RAW DATA Start Marker

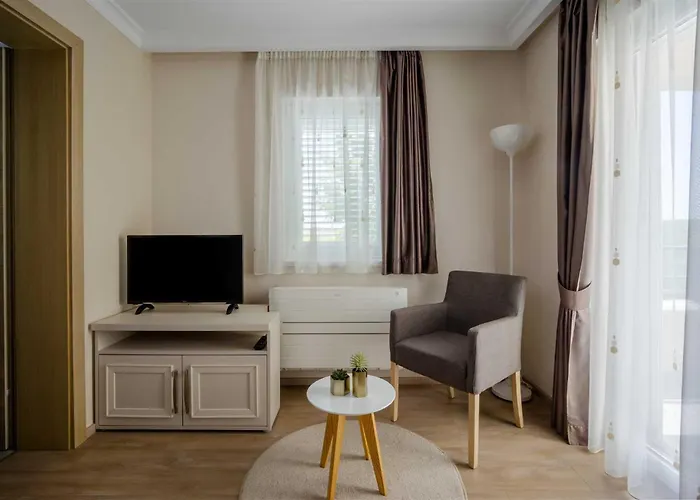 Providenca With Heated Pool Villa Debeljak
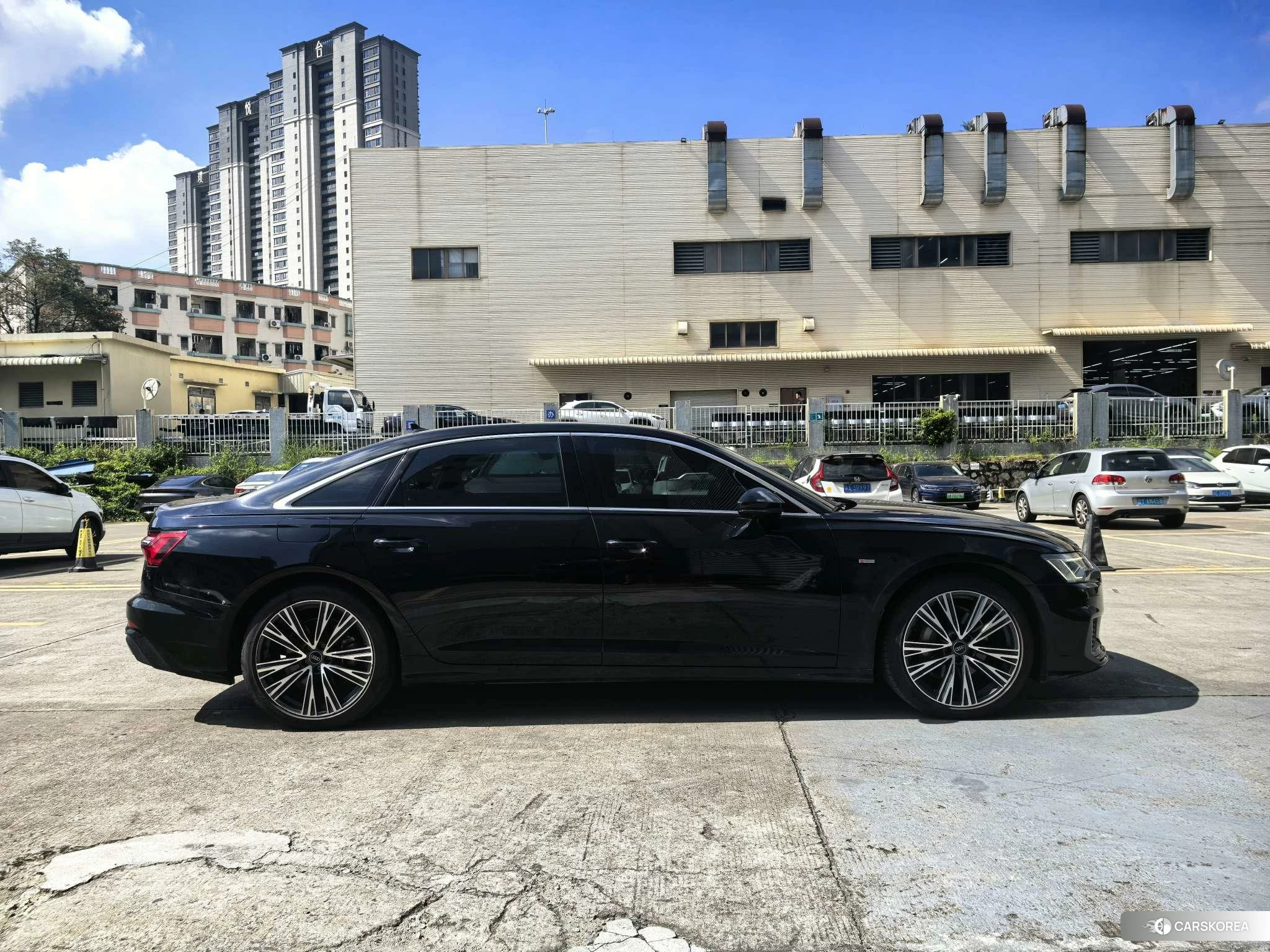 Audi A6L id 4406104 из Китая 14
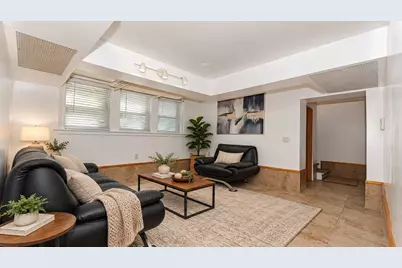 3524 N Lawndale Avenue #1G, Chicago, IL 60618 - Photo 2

RAW DATA End Marker

## PROBLEM REQUIREMENTS
For this exercise, retype the listing above word for word and omit the pictures.

## EXPECTED ANSWER
 Providenca With Heated Pool Villa Debeljak
 Audi A6L id 4406104 из Китая 14
 3524 N Lawndale Avenue #1G, Chicago, IL 60618 - Photo 2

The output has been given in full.